I do agree with the statement that a binary variable is best stored as one, a bool or tinyint, as that decreases the length of a row and can thereby limit disk IO, also comparisons on numbers are faster.
If you need speed and you seldom use the disabled records, you may wish to have 2 tables, one for enabled and one for disabled records and move the records when the status changes. As it increases complexity and risk this would be my very last choice of course. Definitely do the move in 1 transaction if you happen to go for it.
It just popped into my head that you can check wether an index is actually used by using the explain statement. That should show you how MySQL is optimizing the query. I don't really know hoe MySQL optimizes queries, but from postgresql I do know that you should explain a query on a database approximately the same (in size and data) as the real database. So if you have a copy on the database, create an index on the table and see wether it's actually used. As I said, I doubt it, but I most definitely don't know everything:)
If the data is distributed like 50:50 then query like where status="enabled" will avoid half scanning of the table.

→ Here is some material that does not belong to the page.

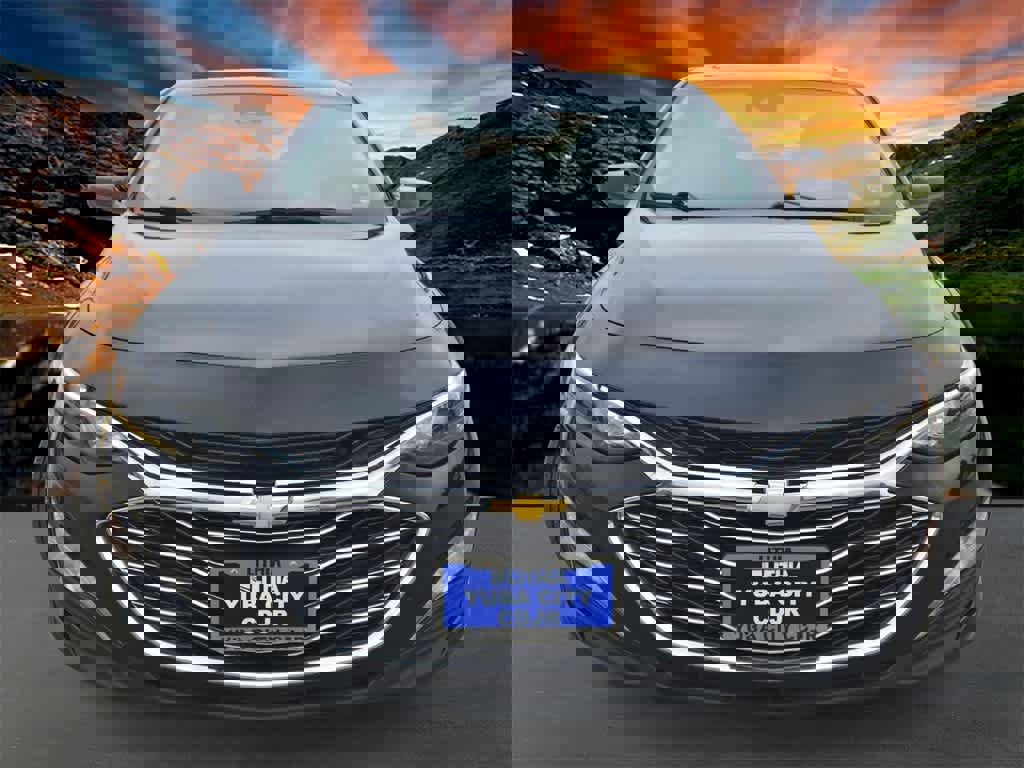 Used 2023 Chevrolet Malibu LT image 2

Having index on such tables is completely depends on distribution of data, i,e : if entries having status enabled is 90% and other is 10%. and for query where status="disabled" it scans only 10% of the table.
so having index on such columns depends on distribution of data.
#a'r answer is correct, however it needs to be pointed out that the usefulness of an index is given not only by its cardinality but also by the distribution of data and the queries run on the database.
In OP's case, with 150M records having status='enabled' and 150M having status='disabled', the index is unnecessary and a waste of resource.
In case of 299M records having status='enabled' and 1M having status='disabled', the index is useful (and will be used) in queries of type SELECT ... where status='disabled'.
Queries of type SELECT ... where status='enabled' will still run with a full table scan.
You will hardly need all 150 mln records at once, so I guess "status" will always be used in conjunction with other columns. Perhaps it'd make more sense to use a compound index like (status, fullname)
Jan, you should definitely index that column. I'm not sure of the context of the quote, but everything you said above is correct. Without an index on that column, you are most certainly doing a table scan on 300M rows, which is about the worst you can do for that data.
Jan, as asked, where your query involves simply "where status=enabled" without some other limiting factor, an index on that column apparently won't help (glad to SO community showed me what's up). If however, there is a limiting factor, such as "limit 10" an index may help. Also, remember that indexes are also used in group by and order by optimizations. If you are doing "select count(*),status from table group by status", an index would be helpful.
You should also consider converting status to a tinyint where 0 would represent disabled and 1 would be enabled. You're wasting tons of space storing that string vs. a tinyint which only requires 1 byte per row!
I have a similar column in my MySQL database. Approximately 4 million rows, with the distribution of 90% 1 and 10% 0.
I've just discovered today that my queries (where column = 1) actually run significantly faster WITHOUT the index.
Foolishly I deleted the index. I say foolishly, because I now suspect the queries (where column = 0) may have still benefited from it. So, instead I should explicitly tell MySQL to ignore the index when I'm searching for 1, and to use it when I'm searching for 0. Maybe.